• **Task to carry out**
Nothing but the lines from the one holding "Router Mikrotik WiFi 6 hAP ax3" through the last line of the material below should be set down, exactly and without images.

• **Dataset section**
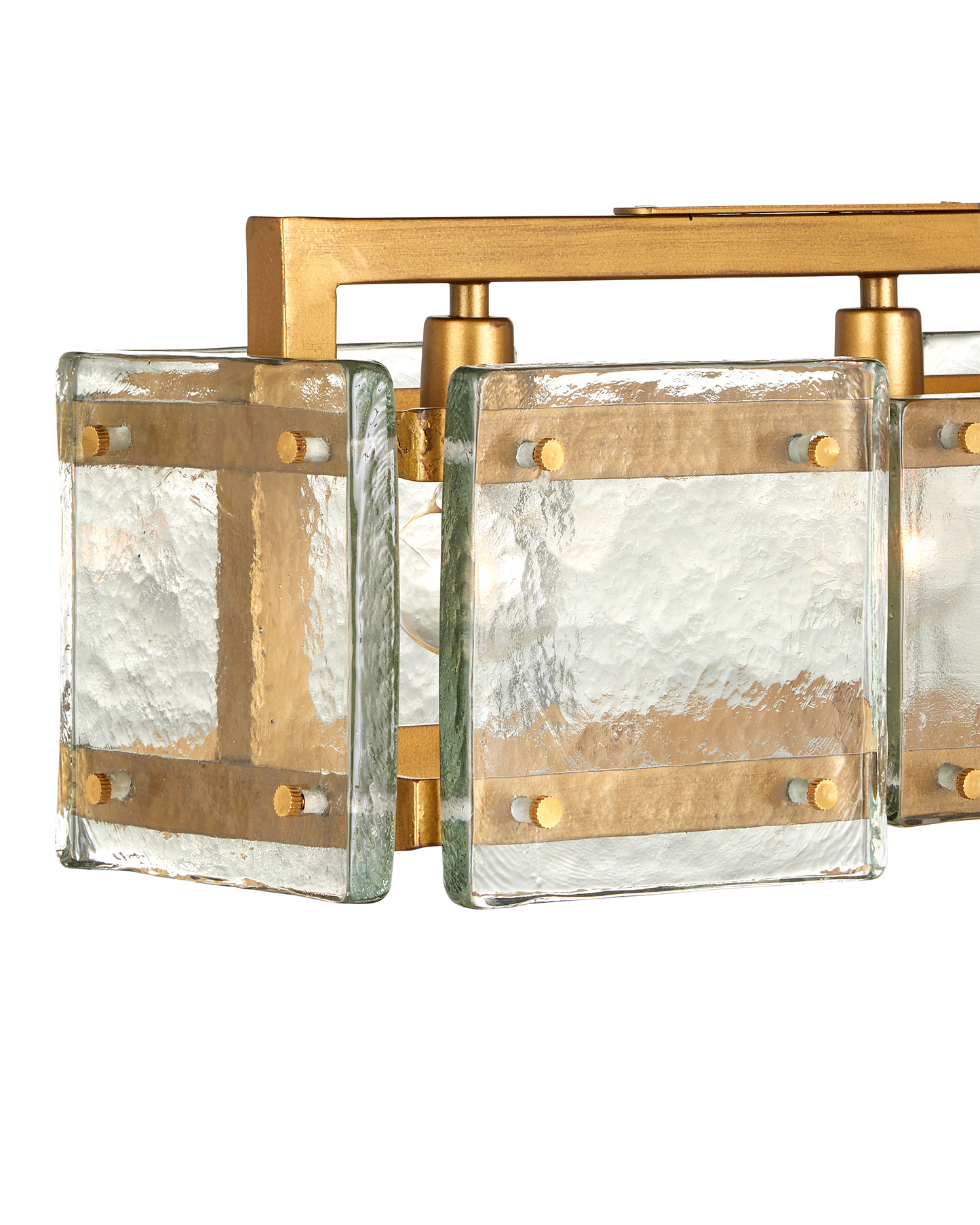 Countervail Rectangular Chandelier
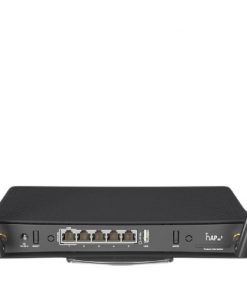 Router Mikrotik WiFi 6 hAP ax3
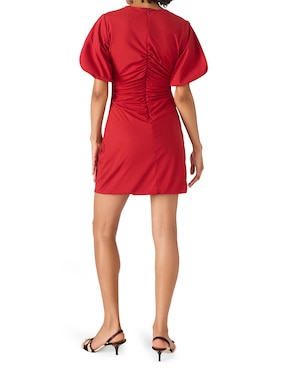 Vestido corto casual Steve Madden para mujer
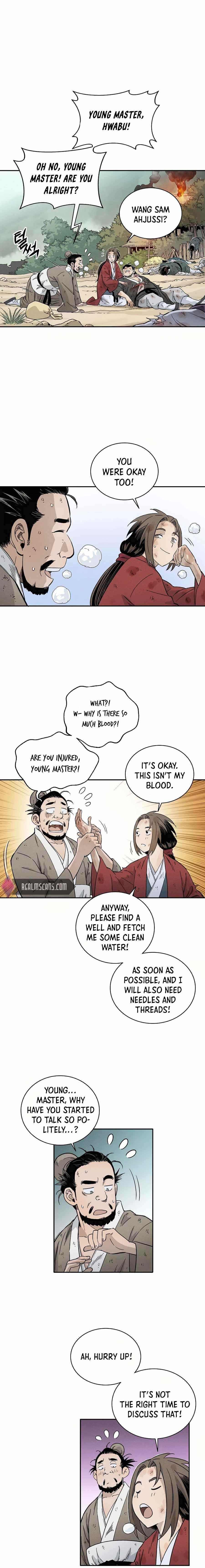 18+ I Reincarnated as a Legendary Surgeon Chapter 2 page 3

• **Task result**
 Router Mikrotik WiFi 6 hAP ax3
 Vestido corto casual Steve Madden para mujer
 18+ I Reincarnated as a Legendary Surgeon Chapter 2 page 3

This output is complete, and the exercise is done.